• What you should do:
Find the line containing "Forklift on wheels 3D Model" in the listing below; reproduce it and every line after, exactly. Skip pictures.

• Listed records:
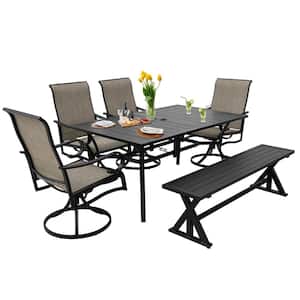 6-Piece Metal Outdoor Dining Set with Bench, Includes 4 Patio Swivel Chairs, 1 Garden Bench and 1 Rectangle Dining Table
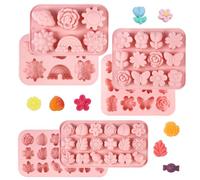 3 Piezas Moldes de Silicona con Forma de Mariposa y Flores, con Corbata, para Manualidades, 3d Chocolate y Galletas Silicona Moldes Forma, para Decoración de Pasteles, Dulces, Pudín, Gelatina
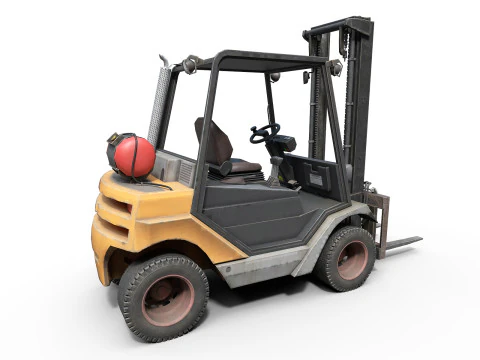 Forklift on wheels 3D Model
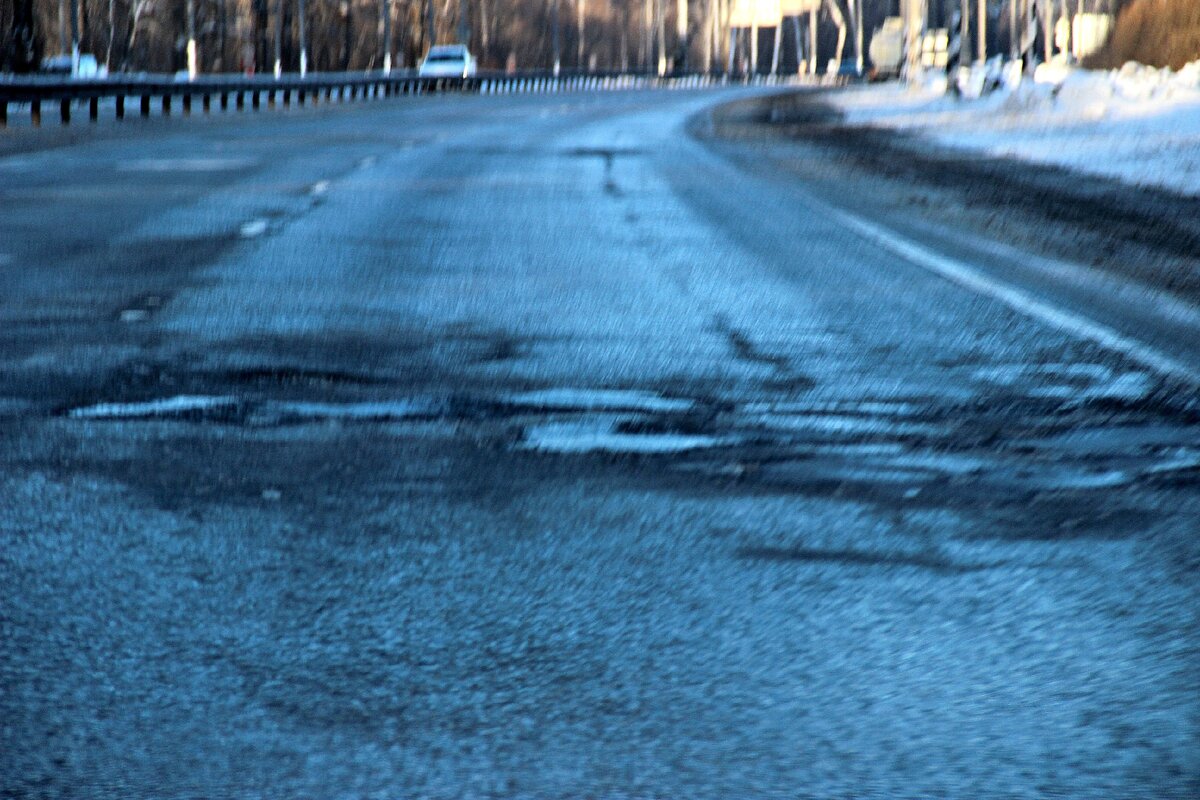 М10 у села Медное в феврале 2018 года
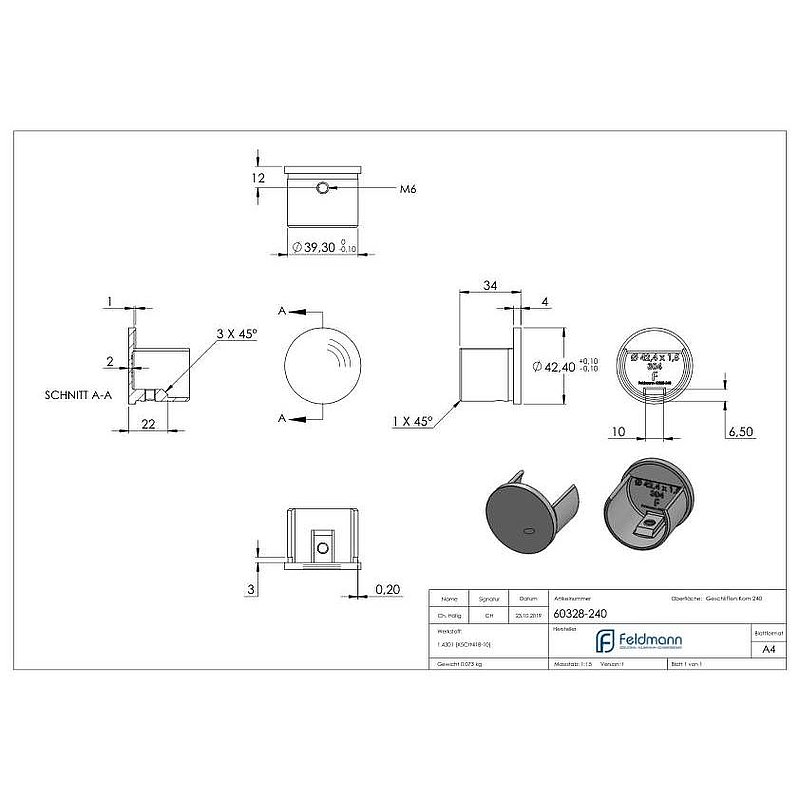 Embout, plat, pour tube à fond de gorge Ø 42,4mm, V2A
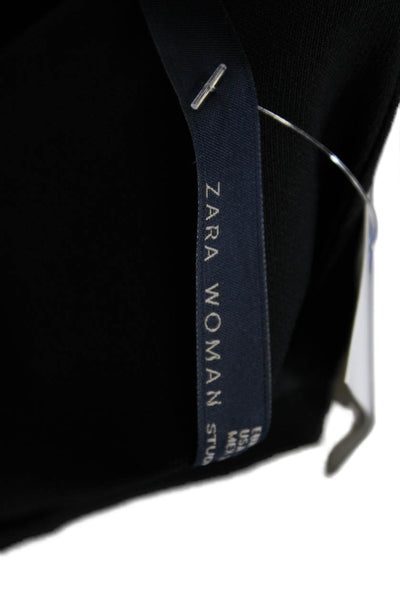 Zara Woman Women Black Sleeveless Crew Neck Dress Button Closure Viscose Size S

• Solved exercise:
 Forklift on wheels 3D Model
 М10 у села Медное в феврале 2018 года
 Embout, plat, pour tube à fond de gorge Ø 42,4mm, V2A
 Zara Woman Women Black Sleeveless Crew Neck Dress Button Closure Viscose Size S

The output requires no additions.